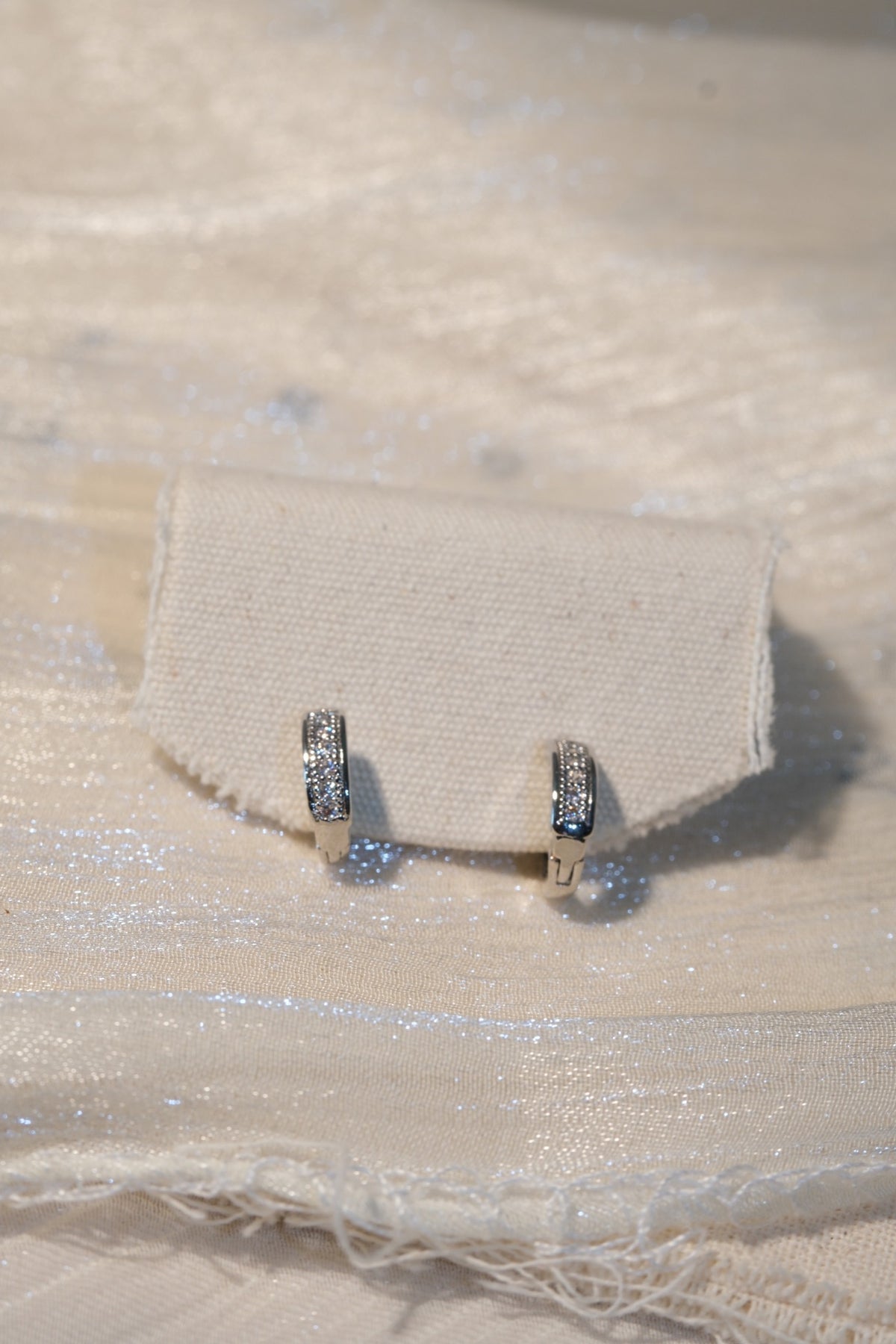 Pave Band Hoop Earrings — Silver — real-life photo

○ ○ ○ ○

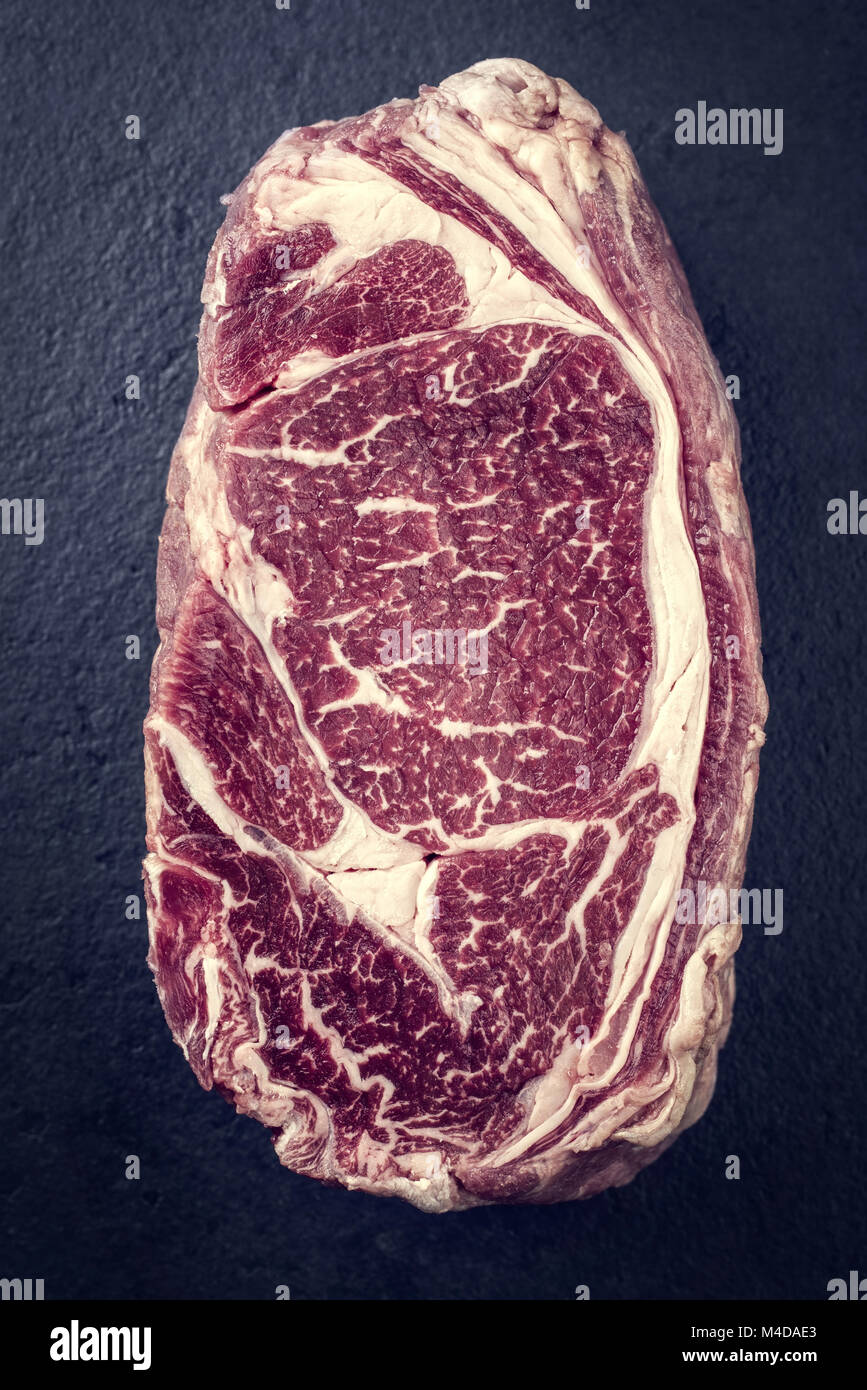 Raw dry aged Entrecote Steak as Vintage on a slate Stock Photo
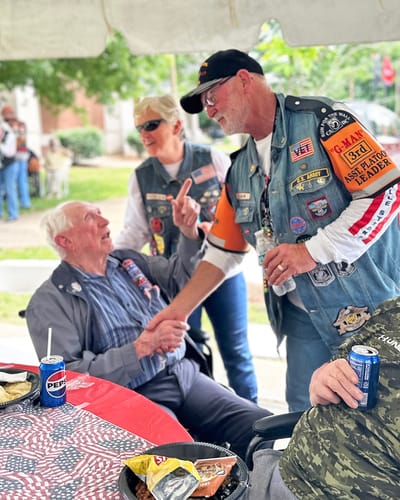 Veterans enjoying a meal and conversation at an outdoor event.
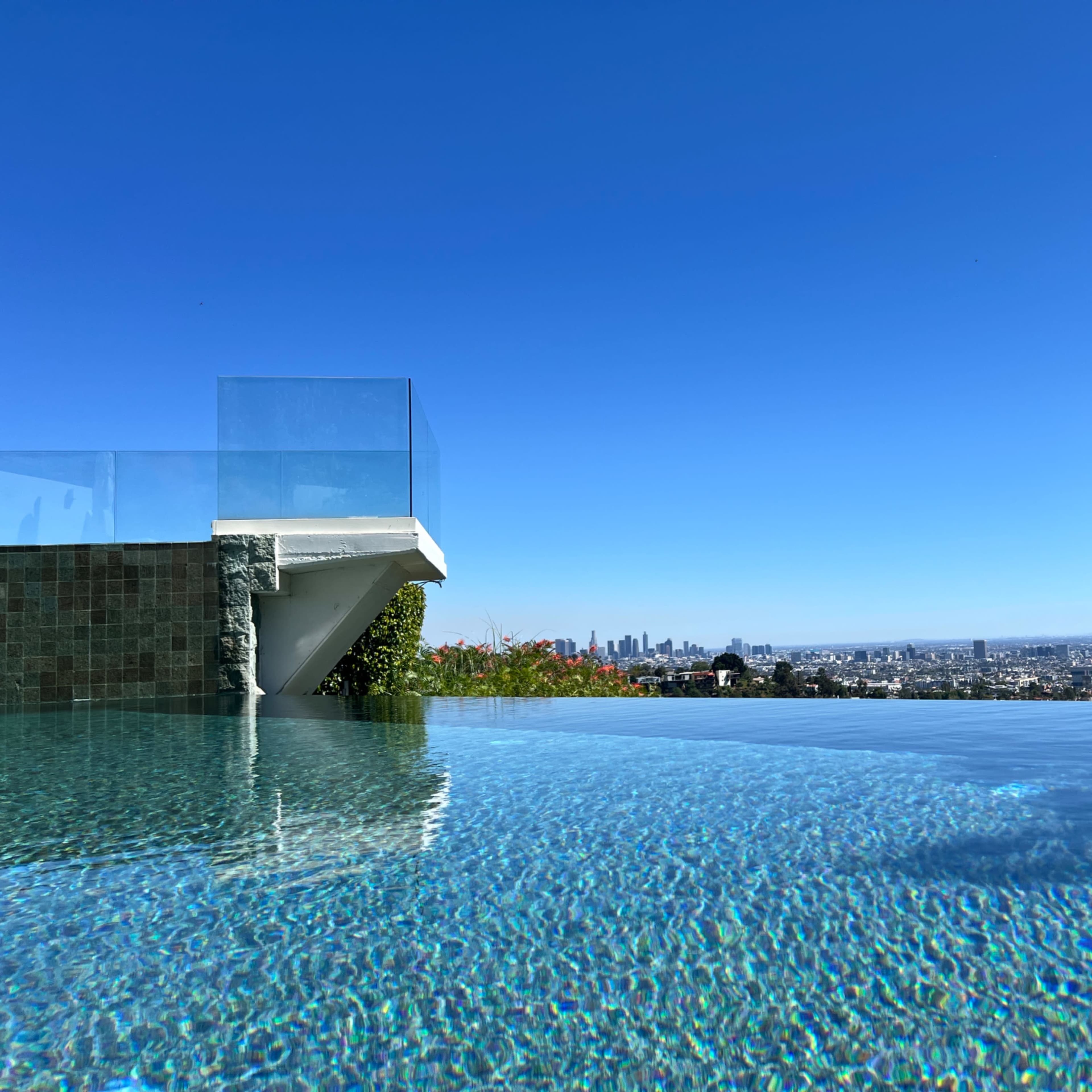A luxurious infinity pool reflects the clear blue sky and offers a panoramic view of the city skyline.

○ ○ ○ ○

Task to carry out: Using the listing above, restate exactly the range between the lines holding "Raw dry aged" and "A luxurious infinity", inclusive, with pictures left out.

Task response:
 Raw dry aged Entrecote Steak as Vintage on a slate Stock Photo
 Veterans enjoying a meal and conversation at an outdoor event.
A luxurious infinity pool reflects the clear blue sky and offers a panoramic view of the city skyline.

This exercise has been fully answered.